:: RECORD SET ::
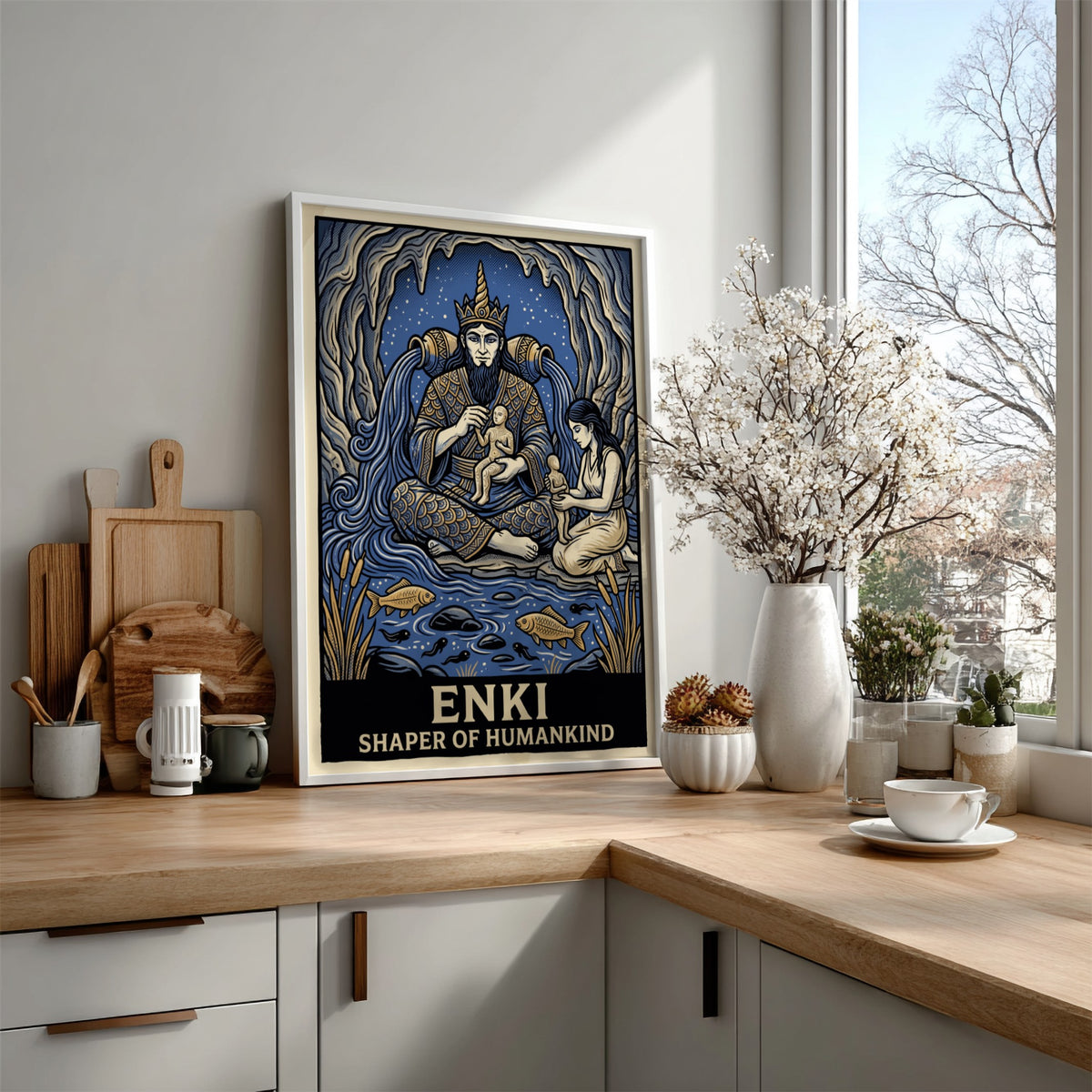 Poster featuring Enki the water god crafting humans inside a blue cavernous setting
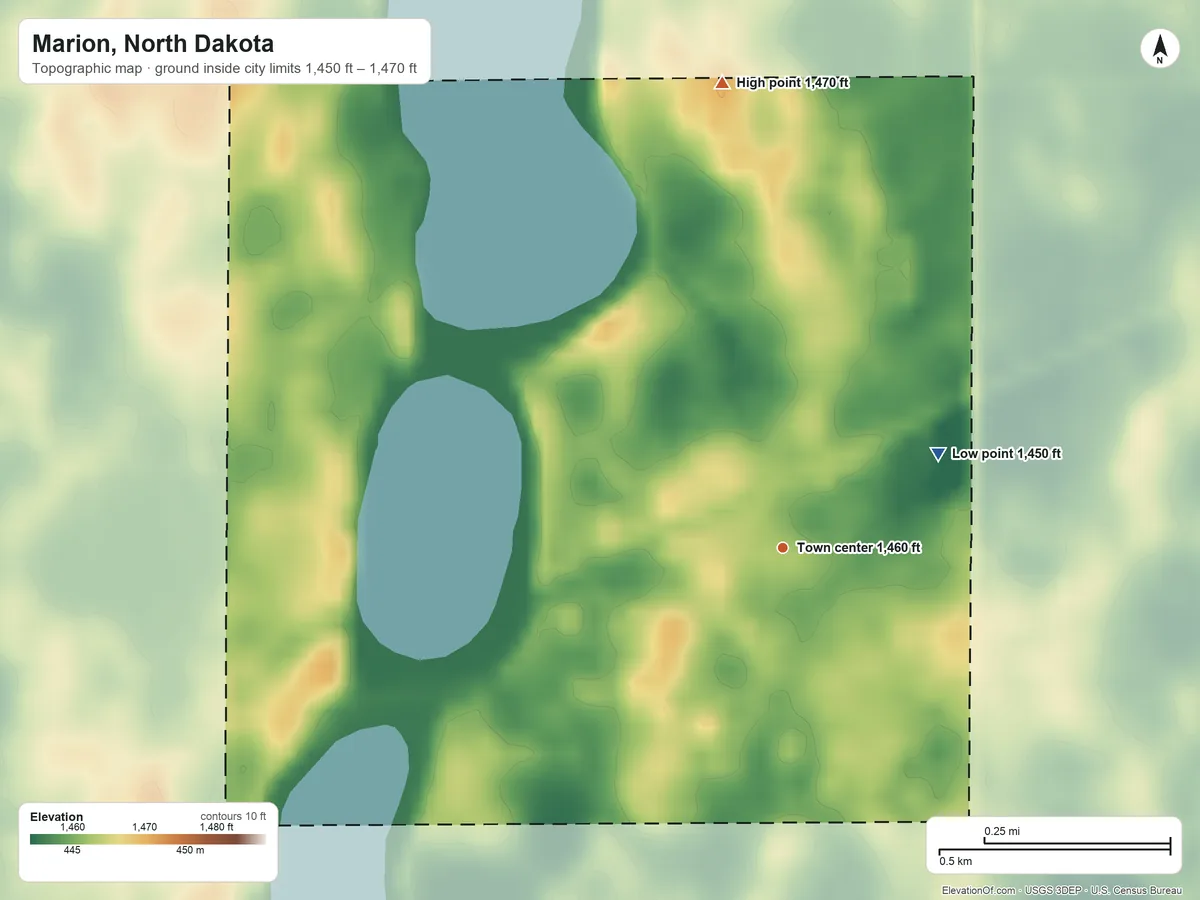 Topographic elevation map of Marion, North Dakota, shaded from 1,450 ft on the northeast side to 1,470 ft on the north side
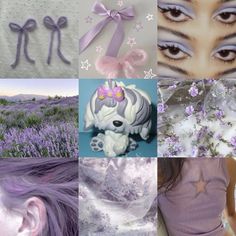 a collage of photos with purple hair and lavender flowers in the foreground, an image of a woman's face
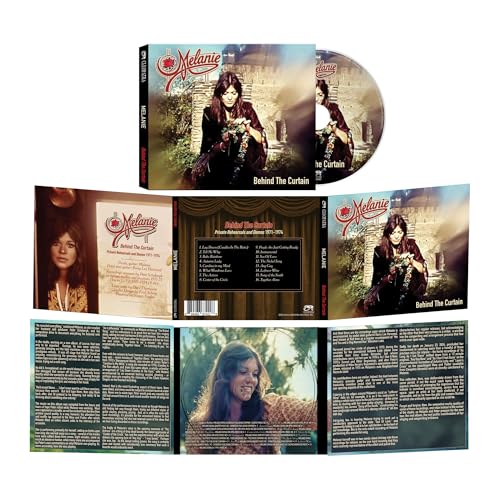 Melanie's "Behind The Curtain" CD packaging with artist portrait and tracklist.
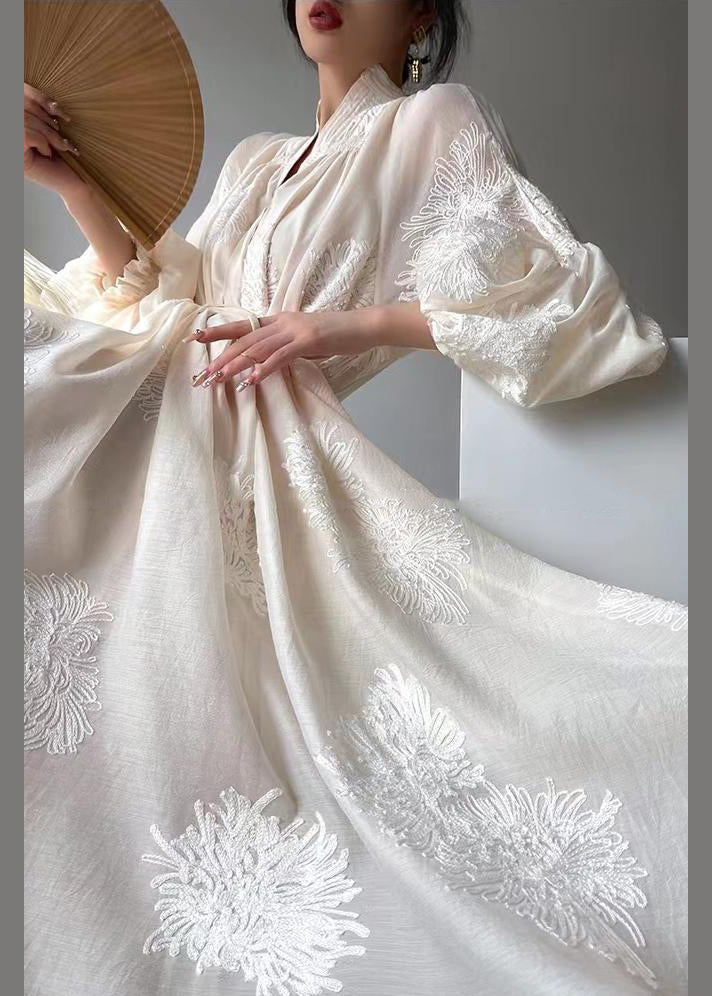 Chiffon Embroidered Floral Mandarin Collar Balloon Sleeve Maxi Dress - View 4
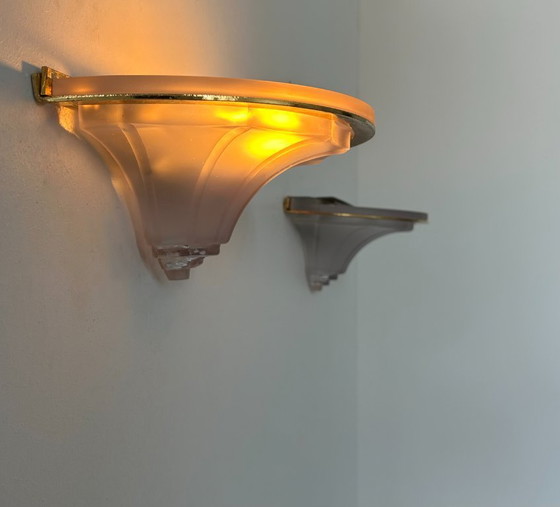 Image 1 of Coppia di applique in vetro e ottone, Francia, 1960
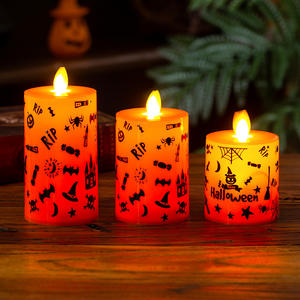 Luz de vela electrónica LED Halloween calabaza bruja araña atmósfera decoración Prop simulación oscilante llama ornamento - Product Image 1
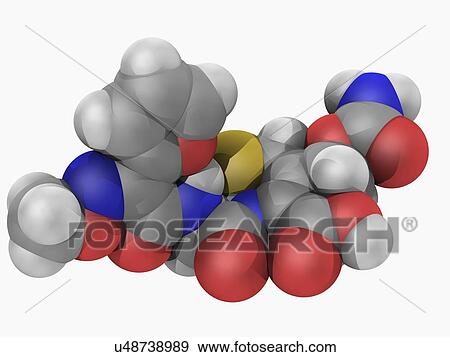 Stock Illustration - Cefuroxime drug molecule. Fotosearch
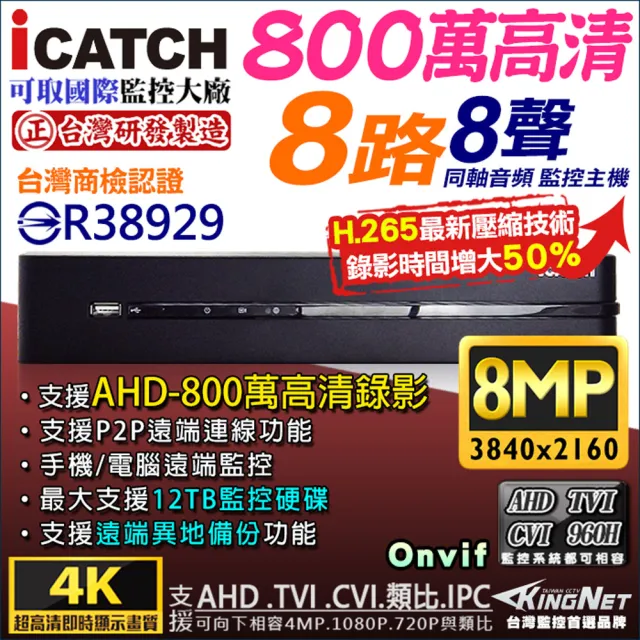 Kingnet 可取8路監控主機8mp 800萬手機遠端 Dvr 向下相容1080p Momo購物網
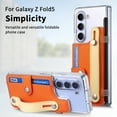 thumbnail image 5 of SaniMore for Samsung Galaxy Z Fold5 (7.6" 2023) Case,  Back Card Slots + Wrist Strap + Stand Function + Pencil Holder, Transparent Anti-yellow Shockproof Anti-drop PU Leather + PC Wallet Shell, Orange, 5 of 7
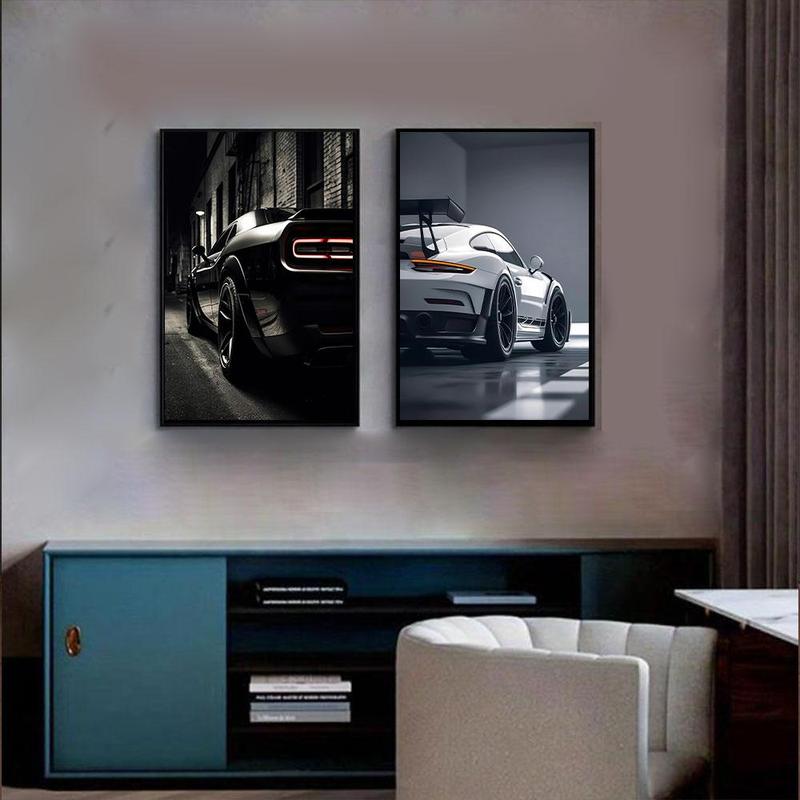 Car Pattern Unframed Painting, 2 Counts set Modern Canvas Wall Art, Wall Decor for Home Living Room Bedroom Study Room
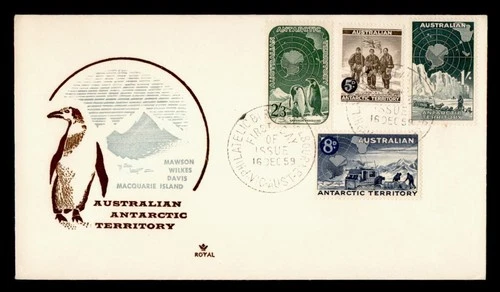 DR WHO 1959 AUSTRALIAN ANTARCTIC TERRITORY FDC OVPT ROYAL CACHET COMBO M76590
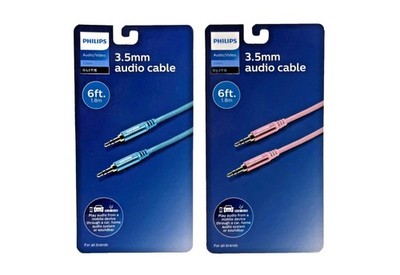 Philips 6 ft (1.8m) Auxiliary Cable 3.5mm Elite, Blue or Rose Gold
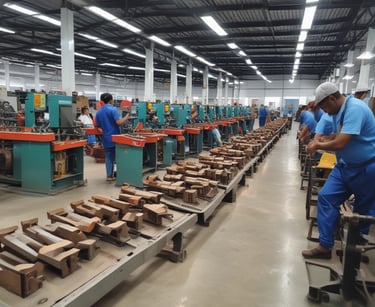 A small manufacturing unit owner happily reviewing compliance certificates on a tablet.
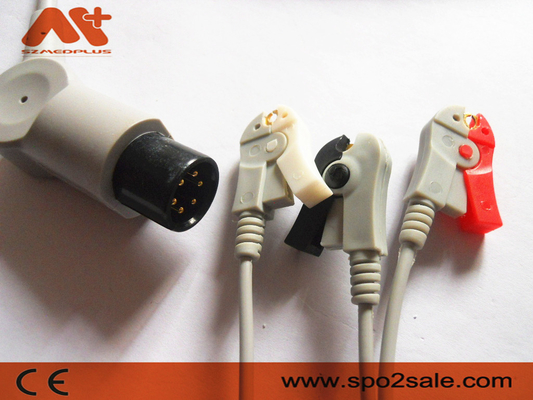 Clip del cable TPU AHA de Ecg de la ventaja del Pin 3 de los cables y de los Leadwires 6 de Szmedplus AAMI ECG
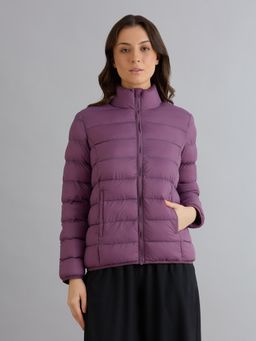 SKECHERS - Purple High Neck Full Sleeves Puffer Jacket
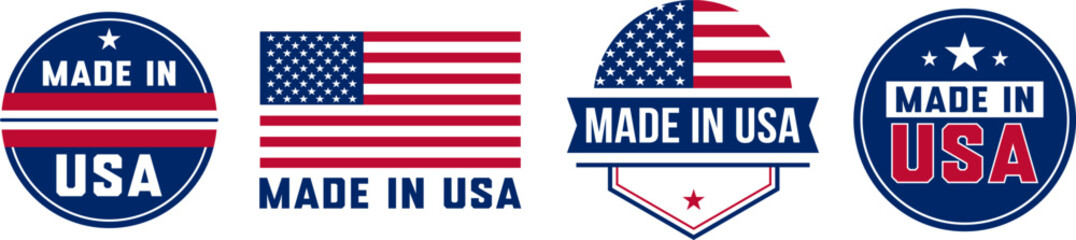 Made in USA Labels Set &ndash; made in the USA logo, USA flag,  American Product Label, Logo, Emblem, American Product Emblem for Business, and Seal Vector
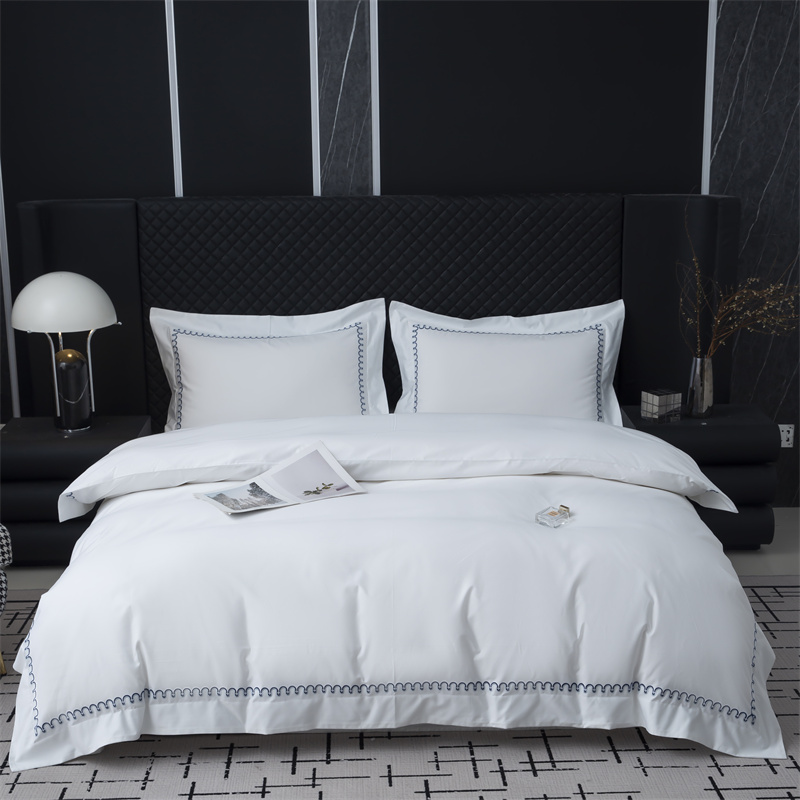 Neues Muster-Stickerei-Design 500TC-Baumwollsatin-Bettwäsche-Set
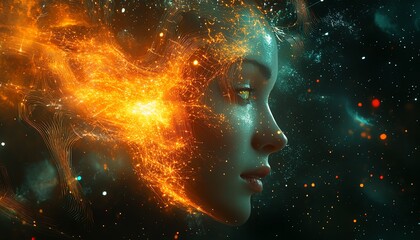 Aufkleber - AI entity emerging from a cosmic digital realm, surrounded by luminous circuits and neural network tendrils, abstract data streams in a futuristic holographic setup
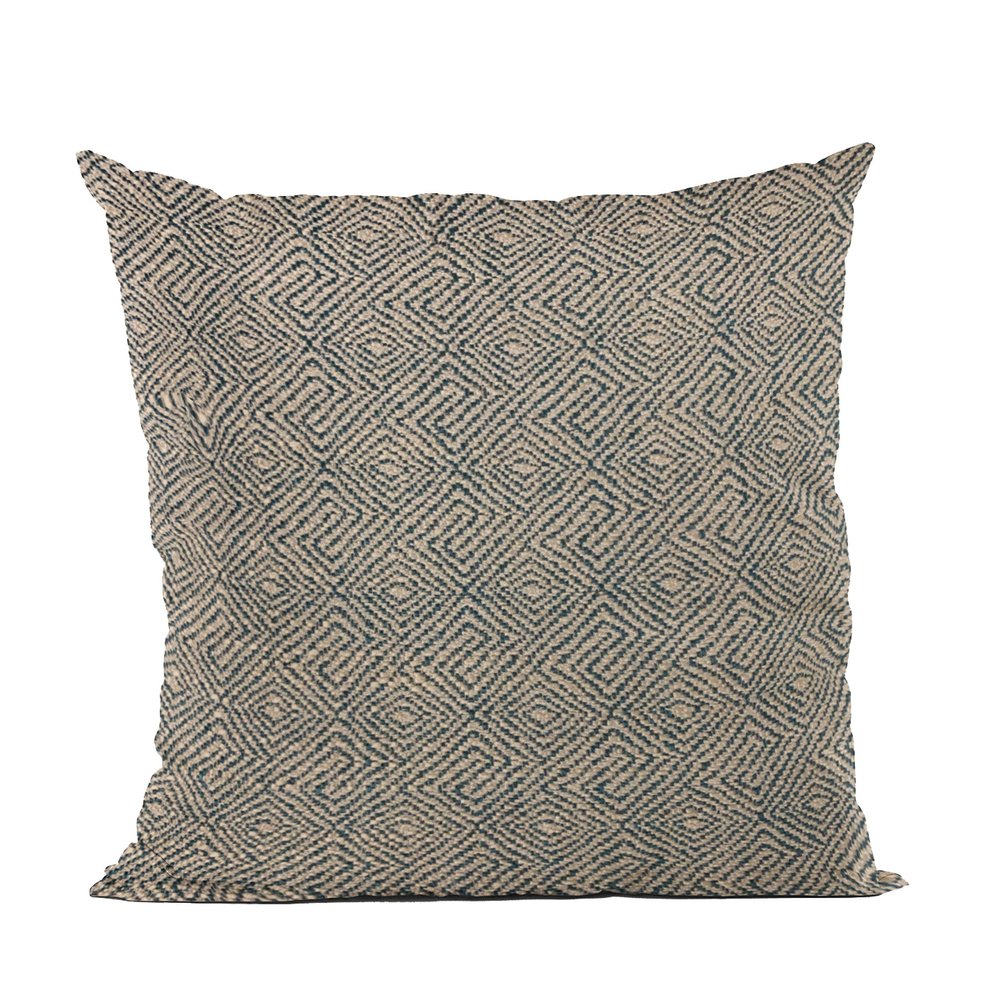 Plutus Brands Blue Plutus Gem Plaid Luxury Throw Pillow 22 in x 22in, Double Sided 22" x 22"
:::
- PROBLEM TO SOLVE
Reproduce only the lines from the line with "Neues Muster-Stickerei-Design 500TC-Baumwollsatin-Bettwäsche-Set" to the end of the entries. Keep both ends, copy them exactly, and omit every picture.

- FINAL ANSWER
 Neues Muster-Stickerei-Design 500TC-Baumwollsatin-Bettwäsche-Set
 Aufkleber - AI entity emerging from a cosmic digital realm, surrounded by luminous circuits and neural network tendrils, abstract data streams in a futuristic holographic setup
 Plutus Brands Blue Plutus Gem Plaid Luxury Throw Pillow 22 in x 22in, Double Sided 22" x 22"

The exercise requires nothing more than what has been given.